Así era. Los monstruosos paquidermos seguían rondando enojados el sitio por donde escaparan horas antes sus presuntas víctimas.
Algunos se esforzaban aún en querer derribar los árboles con sus vigorosos enviones, pero la espesura era demasiado para ellos.
Khamis comentó con sus compañeros el estado lastimoso en que quedara el macizo de tamarindos, destrozado y pisoteado por los elefantes como si en lugar de corpulentos árboles hubieran sido hierbas del campo.

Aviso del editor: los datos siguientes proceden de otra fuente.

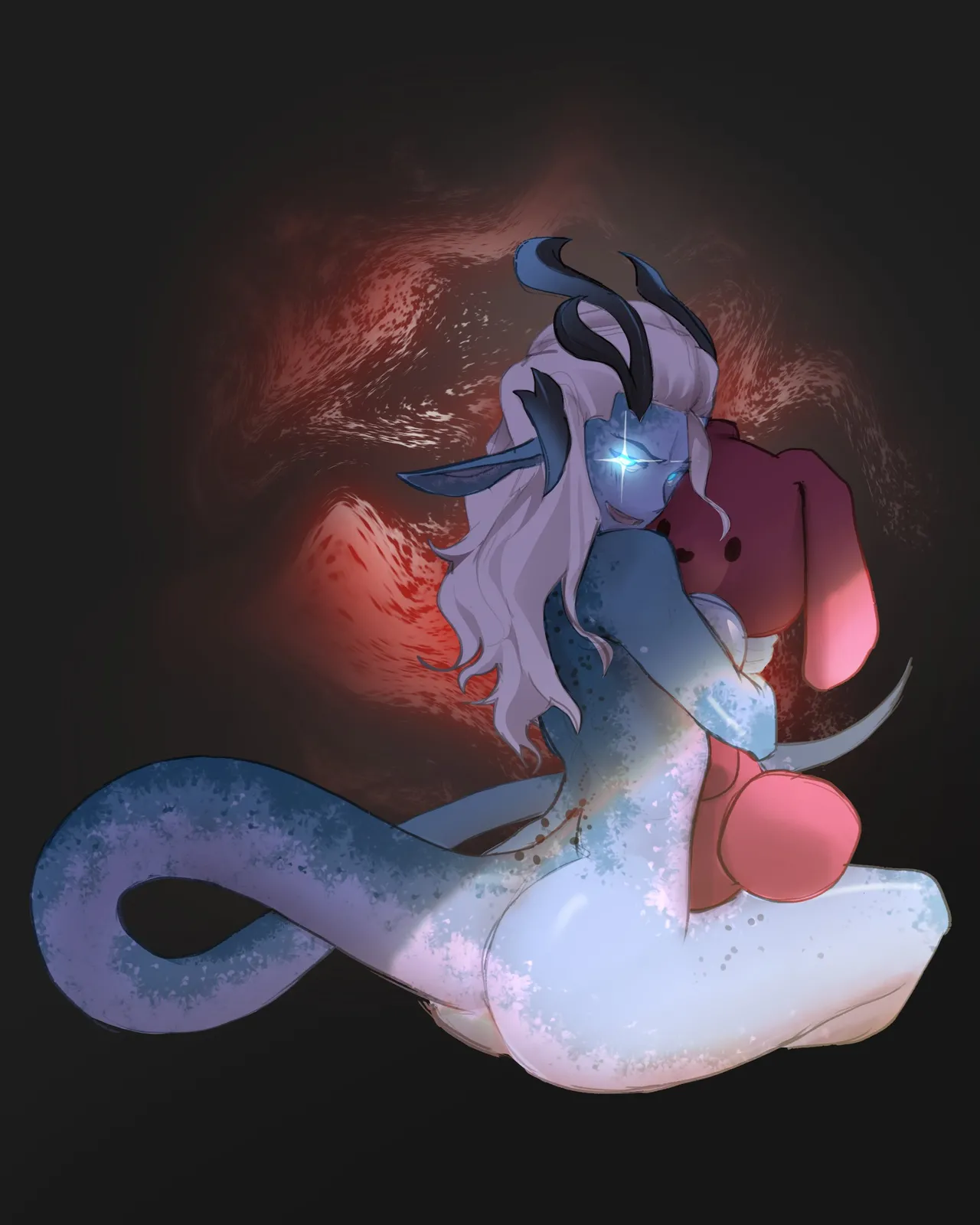 Asswolph collection image number 202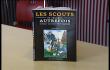 Les scouts ont 100 ans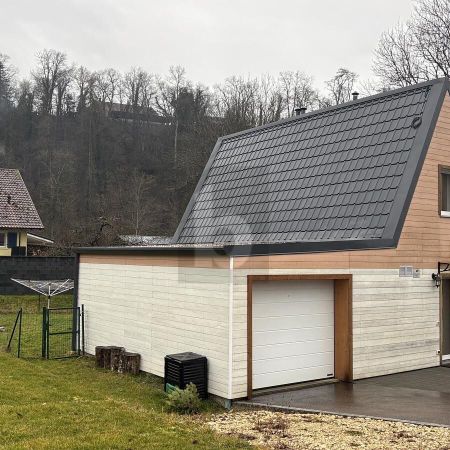 CHARMING AU CALME PROCHE DE LA NATURE - Photo 4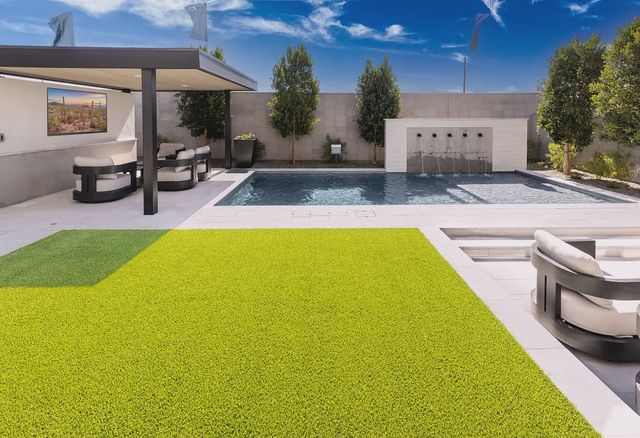 4016 by Shea Homes - image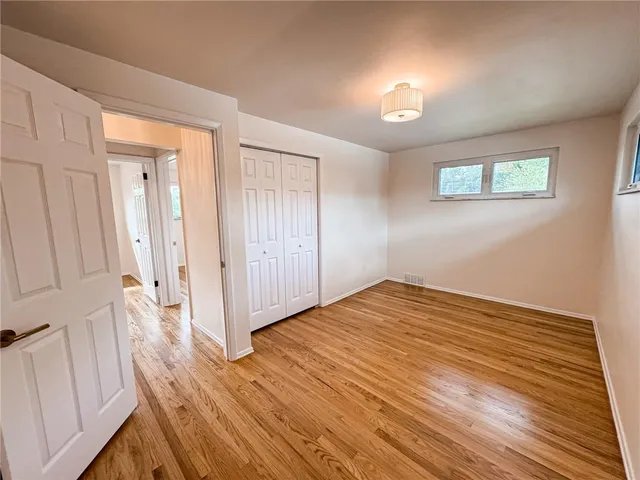 $304,900 | 204 Anderson Road, Irwin, PA 15642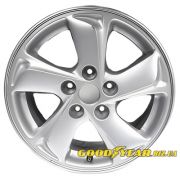 Hyundai OEM 52910-2Y100 6.5x16 5x114.3 ET45 DIA67 S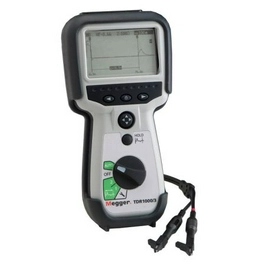 1001-788 Megger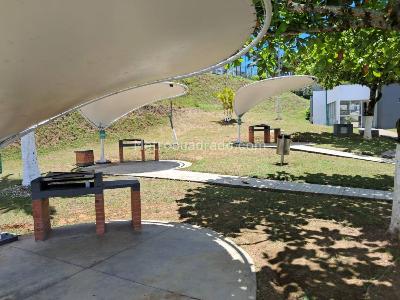 Casa en venta en Villa Verde, Pereira · foto 8 de 13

Siguiendo el consejo del guía, se retiraron inmediatamente del lindero de la selva, para evitar que los paquidermos volvieran a verlos. Tal vez así los elefantes se marcharan de aquel sitio.
-Si se alejan podremos regresar al campamento para buscar las provisiones y cartuchos que queden -dijo Max Huber-, y enterrar además al pobre Urdax.
-Es imposible soñarlo siquiera mientras los elefantes estén a la vista -repuso Khamis-. Por lo demás, en el campamento no puede haber quedado nada en condiciones de uso. Todo debe de estar destrozado.
Así debía de ser. Y como los paquidermos no demostraban la mejor intención de marcharse, los viajeros resolvieron alejarse ellos de allí.
Mientras caminaban, Max tuvo la buena suerte de matar una hermosa pieza de caza, que les aseguraba la alimentación durante dos o tres días.
Se trataba de un impala, especie de antílope de pelo gris y castaño, de gran talla, con largos cuernos en espiral. La bala lo había alcanzado en el momento en que se deslizaba entre la maleza.
El animal debía pesar por lo menos un centenar de kilos. Al verlo caer, Llanga había corrido alegremente a buscarlo, pero naturalmente el niño no pudo cargarlo.
El guía, acostumbrado a tales menesteres, quitó el cuero al antílope y separó las partes comestibles, que fueron llevadas hasta el sitio donde pasaran la noche y puestos a asar en un fuego que Khamis preparó diestramente.
Las conservas, bizcochos y alimentos envasados que con tanta abundancia contaran los expedicionarios, se habían perdido por completo durante la carga de los elefantes. Por fortuna en las salvajes selvas africanas un cazador diestro no puede padecer hambre, pues abundan los animales comestibles. Es claro que para eso se necesitan armas y municiones; y si bien los expedicionarios disponían de rifles y revó1veres de alta precisión, no tenían por desgracia más de doscientos cartuchos entre los tres, pues la mayor parte de su arsenal había quedado aplastado bajo las patas de los paquidermos, entre los restos de la carreta.
Esto era un grave inconveniente, sobre todo si se considera que los primeros seiscientos kilómetros de recorrido que debían realizar era a través de territorio poblado por tribus salvajes y animales de presa.
Una vez que llegaran a la costa derecha del Ubangui la situación cambiaría fundamentalmente, pues podrían reaprovisionarse sin problemas en cualquier aldea costera en una de las numerosas misiones que se escalonan a lo largo de ese río o en las mismas flotillas que descienden por su curso.